Exercise description
Could you print, exactly as they stand, the lines from the one holding "Rabobank: The factors" to the end of the data below, and nothing more?

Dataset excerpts
☆ ☆ ☆ ☆ ☆ ☆ ☆

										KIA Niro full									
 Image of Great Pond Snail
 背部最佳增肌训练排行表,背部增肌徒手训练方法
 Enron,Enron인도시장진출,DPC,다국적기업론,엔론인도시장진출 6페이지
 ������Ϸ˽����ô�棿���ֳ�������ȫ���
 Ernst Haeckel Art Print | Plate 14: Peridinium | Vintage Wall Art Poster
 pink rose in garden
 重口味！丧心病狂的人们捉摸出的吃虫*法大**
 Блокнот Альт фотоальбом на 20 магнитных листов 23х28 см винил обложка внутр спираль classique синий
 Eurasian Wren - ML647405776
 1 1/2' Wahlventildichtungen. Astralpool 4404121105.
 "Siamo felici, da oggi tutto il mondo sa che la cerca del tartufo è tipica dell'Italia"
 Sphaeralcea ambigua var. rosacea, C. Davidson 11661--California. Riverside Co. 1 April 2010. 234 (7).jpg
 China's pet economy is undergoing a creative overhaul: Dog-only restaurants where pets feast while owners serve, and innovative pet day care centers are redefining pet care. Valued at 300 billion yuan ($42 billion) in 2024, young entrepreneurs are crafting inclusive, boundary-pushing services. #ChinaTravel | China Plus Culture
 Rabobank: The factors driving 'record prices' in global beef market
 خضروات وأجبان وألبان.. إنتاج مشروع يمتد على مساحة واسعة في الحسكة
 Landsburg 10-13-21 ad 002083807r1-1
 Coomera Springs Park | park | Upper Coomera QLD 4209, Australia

☆ ☆ ☆ ☆ ☆ ☆ ☆

Task answer
 Rabobank: The factors driving 'record prices' in global beef market
 خضروات وأجبان وألبان.. إنتاج مشروع يمتد على مساحة واسعة في الحسكة
 Landsburg 10-13-21 ad 002083807r1-1
 Coomera Springs Park | park | Upper Coomera QLD 4209, Australia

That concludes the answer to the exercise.